We talked about the differences in academic departments who had more or less interest in our offerings. Some faculty take advantage of special collections and the instruction offered on use of primary resources. Others find value in new types of research questions and collaborations made possible through the Scholars Studio.

In just three weeks, this important discussion seems less relevant. The questions continue to be useful – how best to gauge the usefulness and long-term impact of our services on the students, faculty and community we support?  But even the most basic of measurements: the gate counts, the use of physical materials, the attendance at in-person workshops and instruction sessions – these are no longer available to us.   There are no physical bodies to count. There are no hands-on workshops to evaluate. 

This is a loss, of course. (I hate to think how our library trend-trackers like the Association of Research Libraries will accommodate this year’s statistical anomaly.) But for Temple, it provides an opportunity to explore our questions in new ways, with new tools. We are impelled to think about how to mine our web analytics data more deeply. We continue to have access to data related to the use of the website, our discovery systems, our licensed resources and the many channels of social media output from the library. Springshare and Ezproxy provide us with tools on the use of library-curated content and collections.

Demonstrating the use of our expertise in providing access, research and instruction support takes a very different shape now. It also provides us with a testing ground for many of the initiatives that are already underway.
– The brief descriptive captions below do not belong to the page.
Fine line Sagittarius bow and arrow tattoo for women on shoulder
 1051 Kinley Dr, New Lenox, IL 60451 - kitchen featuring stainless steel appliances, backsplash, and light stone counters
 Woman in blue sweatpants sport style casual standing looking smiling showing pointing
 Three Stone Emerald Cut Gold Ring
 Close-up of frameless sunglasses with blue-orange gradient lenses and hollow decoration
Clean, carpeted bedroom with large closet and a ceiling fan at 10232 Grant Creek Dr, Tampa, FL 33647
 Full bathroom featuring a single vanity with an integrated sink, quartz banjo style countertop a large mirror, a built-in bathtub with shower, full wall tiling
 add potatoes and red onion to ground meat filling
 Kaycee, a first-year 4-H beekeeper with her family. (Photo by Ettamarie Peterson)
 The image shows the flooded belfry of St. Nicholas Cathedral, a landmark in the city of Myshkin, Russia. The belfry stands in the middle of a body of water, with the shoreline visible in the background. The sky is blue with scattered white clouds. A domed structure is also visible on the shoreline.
Instructors of English 802 will be in a much better position to help us improve our online version of that library workshop.  The Health Sciences Libraries quickly transitioned to Zoom versions of their popular workshops – perhaps making these even more accessible to busy students and faculty.  Jackie Sipes is exploring ways of doing remote usability testing of Library Search and other online discovery tools. 

Just a week ago the libraries had a physical space to which students, faculty and community could come. We were solid. Our buildings and physical spaces staffed with humans had a presence that signified the essential place of the Library on the campus. Now that place may not be as obvious to our users.  At least for the near term, we will need to re-imagine how the library positions itself and how we demonstrate that continued impact and value to our community.